Yes, I know that Superman is possessed and it’s not really him, but if there’s an image that defines superhero comics now it’s probably going to be this which is designed to make as many people pissed off as possible and create chatter online for DC’s range of titles.

It’s only designed to to this. That’s it. It’s a fuck you to people who might be more than a bit fed up by this constant  pandering to those who think ‘adult’ is just more and more empty violence or thought Man of Steel was kewl and hey, people are going to die right?

It’s clearly an attempt to reconcile Man of Steel with the comic version of Superman and I’ve made my thoughts clear on that film, but this is yet another example of bad writing from bad writers in order to pander to people with a video game’s sense of morality.

It’s dull, it’s boring and it’s frankly offensive to see DC do this. Will they change anything? No, of course not as it’s a cynical attempt to cash in while removing another little piece of joy from the world as if you make everything dark, grim and depressing then what’s the point? Where’s the optimism? You can’t sustain drama when the tone is that of someone standing over a sink with a razor over their wrists thinking whether or not to slash them open? You can’t make things grimmer and grimmer because you don’t have anything in this world that anyone wants to fight for?

And that’s the problem. Why should we the readers bother anymore?

Mass Murderer of Steel

I made a blog about Superman and the new film, Man of Steel last month which focused on how DC Comics and Warner Bros. had royally shafted Superman’s creators over the years, and how this film was meant mainly to be made to keep the film rights of the Superman character.
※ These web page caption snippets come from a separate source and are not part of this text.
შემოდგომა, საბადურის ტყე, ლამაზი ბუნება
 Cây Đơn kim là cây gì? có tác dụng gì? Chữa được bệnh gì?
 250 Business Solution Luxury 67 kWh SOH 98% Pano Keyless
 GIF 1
Well, I’ve seen the film now so from here on in it’s spoilers so you’ve been warned.

Right, firstly I’ll make it clear that the film is fucking shite just in case anyone might be confused as I go on.This isn’t to say there’s not good things about it; the score is good, some scenes are very well imagined (the Krypton scenes especially are very well imagined) and the last five minutes aren’t bad at all. Everything else is grim, unrelenting shite wrapped in one of the worst scripts you’ll hear being spoken by actors horribly miscast in roles they barely manage to breathe two dimensions into.
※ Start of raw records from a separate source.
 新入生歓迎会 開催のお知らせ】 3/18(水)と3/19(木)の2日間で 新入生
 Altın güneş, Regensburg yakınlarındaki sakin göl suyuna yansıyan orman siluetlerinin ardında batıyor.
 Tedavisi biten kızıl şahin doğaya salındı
So let’s briefly recap Superman’s origins. He’s sent to earth by the brilliant Kryptonian scientist Jor El as his planet is doomed, where he’s found by Jonathan and Martha Kent who bring him up to be a guardian of everything good and to fight for truth and justice when he grows up to be Clark Kent, reporter for the Daily Planet, and to be an example for the world. As you can see there’s plenty of religious allegory here as that’s what Siegel and Shuster intended when they created Superman as they drew upon the Jewish myths of their upbringing, and at the time creating a powerful foe against the evils of Nazi Germany, not to mention the daily plight of immigrants to the US who suffered at the hands of slum landlords, corrupt businessmen and gangsters. In fact early Superman stories were full of him taking on these sort of villains as Superman was a moral guardian for the weak and the poor. He made things better for people and that’s been the character’s core for the 75 years he’s been around.

Then we get to Man of Steel which starts with a long sequence on Krypton which shows the planet in a middle of a civil war which means the director can show lots of THINGS EXPLODING, and the brilliant scientist Jor El (played with the range of a Findus Crispy Pancake by Russell Crowe) gets to walk around looking brooding and moody with a big gun. We know Jor El is broody and moody because Crowe frowns a lot and does his important sounding voice from Gladiator while shooting people as brilliant scientists tend to do.

Jor El then faces off against General Zod (played by Michael Shannon who SHOUTS A LOT to show how angry and earnest he is)  before being killed by Zod as he sends his son to Earth after some bollocks about Jor El placing the MacGuffin in the ship taking his son from Krypton. It doesn’t really matter because you don’t really care as there’s no character building as that would get in the way of the SHOUTING and THINGS EXPLODING.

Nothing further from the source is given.